Below for everyone to share an example of Python+pandas analysis Nginx log, with a good reference value, I hope to be helpful to everyone. Come and see it together.
Demand
By analyzing the Nginx access log, we get the maximum response time, minimum, average and number of accesses for each interface.
Implementation principle
The Nginx log uriuriupstream_response_time field is stored in the dataframe of pandas, which is then implemented by grouping and data statistic functions.
Realize
1. Preparatory work
#创建日志目录 for storing the log mkdir/home/test/python/log/log# create file for storing $uri $upstream _response_time fields extracted from the Nginx log touch/home/test /python/log/log.txt# installation related modules Conda Create-n science numpy scipy matplotlib pandas# installation generate EXECL table related modules pip install XLWT
2. Code implementation
#!/usr/local/miniconda2/envs/science/bin/python#-*-coding:utf-8-*-#统计每个接口的响应时间 # Please create Log.txt in advance and set Logdirimport Sysimport Osimport Pandas as Pdmulu=os.path.dirname (__file__) #日志文件存放路径logdir = "/home/test/python/log/log" # Log related fields required to store statistics Logfile_format=os.path.join (Mulu, "Log.txt") print "read from logfile \ n" for Eachfile in Os.listdir (logdir ): Logfile=os.path.join (Logdir,eachfile) with open (logfile, ' R ') as Fo:for line in Fo:spline=line.split () #过滤字段中异常部 Sub if spline[6]== "-": Pass elif spline[6]== "GET": Pass elif spline[-1]== "-": Pass Else:with Open (LOGFI Le_format, ' a ') as Fw:fw.write (Spline[6]) fw.write (' \ t ') Fw.write (Spline[-1]) fw.write (' \ n ') print "output Panda "#将统计的字段读入到dataframe中reader =pd.read_table (logfile_format,sep= ' t ', engine= ' python ', names=[" interface "," Reponse_time "], header=none,iterator=true) loop=truechunksize=10000000chunks=[]while loop:try:chunk=reader.get_ Chunk (chunksize) chunks.append (chunk) except Stopiteration:loop=false print "Iteration is stopped. " Df=pd.concat (chunks) #df =df.set_index ("interface") #df =df.drop (["GET", "-"]) df_groupd=df.groupby (' interface ') df_ Groupd_max=df_groupd.max () df_groupd_min= df_groupd.min () df_groupd_mean= Df_groupd.mean () df_groupd_size= df_ Groupd.size () #print df_groupd_max#print df_groupd_min#print df_groupd_meandf_ana=pd.concat ([df_groupd_max,df_ groupd_min,df_groupd_mean,df_groupd_size],axis=1,keys=["Max", "Min", "average", "count"]) print "Output Excel" Df_ Ana.to_excel ("Test.xls")

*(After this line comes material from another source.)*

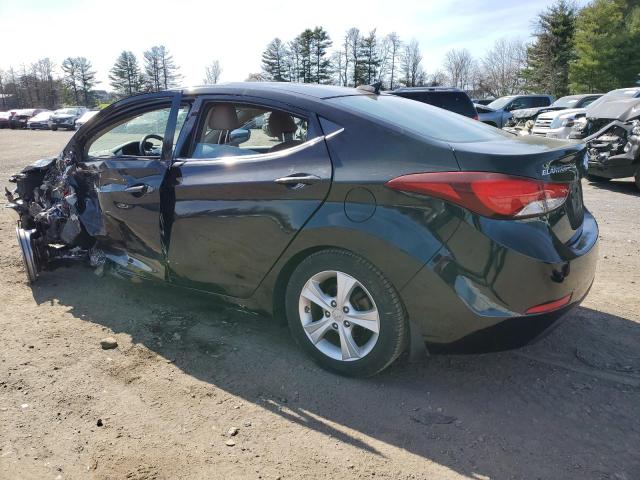 Obraz 2 z 2016 HYUNDAI ELANTRA SE 2016 z VIN KMHDH4AE5GU607621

3. The printed form is as follows:
Points
1. If the log file is large, read not to use ReadLines (), ReadLine (), will read all the logs to memory, resulting in memory full. Therefore, the use of the in-line-fo iteration in this way, basically does not account for memory.
2. Read the Nginx log, you can use Pd.read_table (Log_file, sep= ", iterator=true), but here we set the SEP does not match the normal segmentation, so first the Nginx split with split, And then deposit Pandas.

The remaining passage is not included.